Quick Links

Re: Expanding HOT updates for expression and partial indexes

From:	"Greg Burd" <greg(at)burd(dot)me>
To:	pgsql-hackers <pgsql-hackers(at)postgresql(dot)org>
Subject:	Re: Expanding HOT updates for expression and partial indexes
Date:	2026-02-10 15:09:36
Message-ID:	97769442-2ed7-4fe0-a393-7e2b5ff7ff58@app.fastmail.com
Views:	Whole Thread \| Raw Message \| Download mbox \| Resend email
Thread:
Lists:	pgsql-hackers

Hello,

TL;DR, I'm going to put a pin in this idea for now.

I'll net out where this patch set is quickly and leave the majority of the
detail for anyone curious in an addendum below.

The patch set enables HOT updates a few new cases:
* when expressions on indexes remain constant
* when updates fall outside partial index predicates
* when indexes report that their keys are unchanged by the update

The benefits are:
* more HOT updates
* reduced index bloat
* modified index attributes identified ahead of table AM update

The drawbacks are:
* the overhead of doing net-new work determining modified attributes
* higher concurrency causing retries, compounding that work
* index and predicate expressions executed more frequently

Performance:
------------

The good,
* HOT improvements: 95-100%
* Bloat reduction: 50-98%
* Update 100 rows at once: +27% throughput, -98% bloat

the bad,
* -2% to -6% throughput regression on updates across the board

and the ugly.
- net new work finding modified indexed attributes
- net new retries on update due to added concurrency (TU_Updated)
- retries then must re-identify modified indexed attributes

While I still believe in expanding HOT updates and that moving the logic for
finding the set of modified index attributes into the executor was a good idea,
it is late in the v19 cycle and at this stage the trade-offs feel unacceptable.

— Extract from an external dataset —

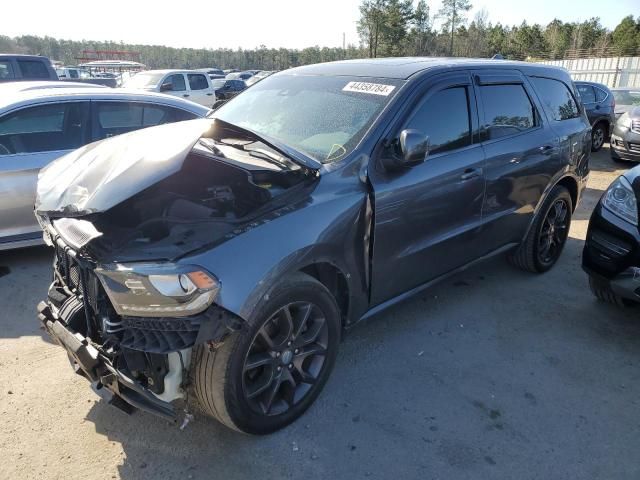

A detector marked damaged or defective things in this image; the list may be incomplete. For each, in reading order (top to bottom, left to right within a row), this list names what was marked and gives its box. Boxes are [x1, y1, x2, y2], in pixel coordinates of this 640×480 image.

crumpled hood [35, 119, 214, 217]
broken headlight assembly [94, 262, 220, 318]
damaged gray suv [35, 58, 592, 434]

So I'm going to withdraw this patch and pause here on development and reconsider
my approach in the v20 cycle. I have some ideas on how to avoid the need to
evaluate these expressions entirely and I still have a fondness for the idea of
only updating those indexes that changed (PHOT/WARM/whatever) on update, maybe
I'll combine the ideas.

best.

-greg

ADDENDUM:

ExecUpdate (nodeModifyTable.c)
-> [PATCHED] after the l2: label, ExecCheckIndexedAttrsForChanges()
-> [UNPATCHED] (nothing at this point...)
-> table_tuple_update()
-> heap_update()
-> LockBuffer(BUFFER_LOCK_EXCLUSIVE)
-> [UNPATCHED] HeapDetermineColumnsInfo() // uses memcmp() for datum comparison
-> returns TM_Updated immediately, frees modified_attrs
-> EvalPlanQual() // recheck with updated tuple
-> ExecUpdate (retry)
-> [PATCHED] ExecCheckIndexedAttrsForChanges() // second evaluation
-> [UNPATCHED] (nothing at this point...)
-> table_tuple_update()
-> heap_update()
-> LockBuffer(BUFFER_LOCK_EXCLUSIVE)
-> HeapDetermineColumnsInfo() // second evaluation

As illustrated above, the patches move indexed attribute checking from
HeapDetermineColumnsInfo() (called once in heap_update under buffer lock
BUFFER_LOCK_EXCLUSIVE) to ExecCheckIndexedAttrsForChanges() (called in the
executor before calling table_tuple_update() when the buffer with the old tuple
is pinned, but not holding locked exclusively). In the unpatched code, when
heap_update() returns TM_Updated due to a concurrent update, it immediately
returns to the executor without retrying - the modified_attrs bitmapset is freed
and the executor performs an EPQ (EvalPlanQual) recheck before calling
table_tuple_update() again. On this second call, the unpatched code re-executes
HeapDetermineColumnsInfo() with the new tuple because the modified_attrs may
have changed. The patched code similarly calls ExecCheckIndexedAttrsForChanges()
again, as it will have jumped to the l2: label, before retrying
table_tuple_update().

Both versions re-evaluate to find the modified attributes bitmap on concurrent
conflicts, the key differences are:

1) the patched version performs richer comparisons (partial index predicates,
index AM amcomparedatums(), expression evaluation) while the unpatched
version only does binary datum comparison using memcmp() and,

2) under high contention running outside the buffer lock has increased the
probability TM_Updated because he window for concurrent modifications has
increased.

It may be that expanding the window for concurrency (2) during updates is a
mistake as it is impossible for the heap to update two different tuples on the
same page concurrently so this has no potential benefit and compounds the
expense.

However, it is entirely possible that other table AMs could have different
concurrency models and so in theory we should allow for that. Consider how some
LSMs work, concurrent updates are just appends to the current log file. Maybe
the table AM should indicate a need for a buffer lock or not during updates?

PATCHES:

0001: Refactors heapam_tuple_update()/heap_update() by removing some code in the
beginning of heap_update() into both heapam_tuple_update() and
simple_heap_update() as a preface for removing the need for
HeapDetermineColumnsInfo() when calling heapam_tuple_update().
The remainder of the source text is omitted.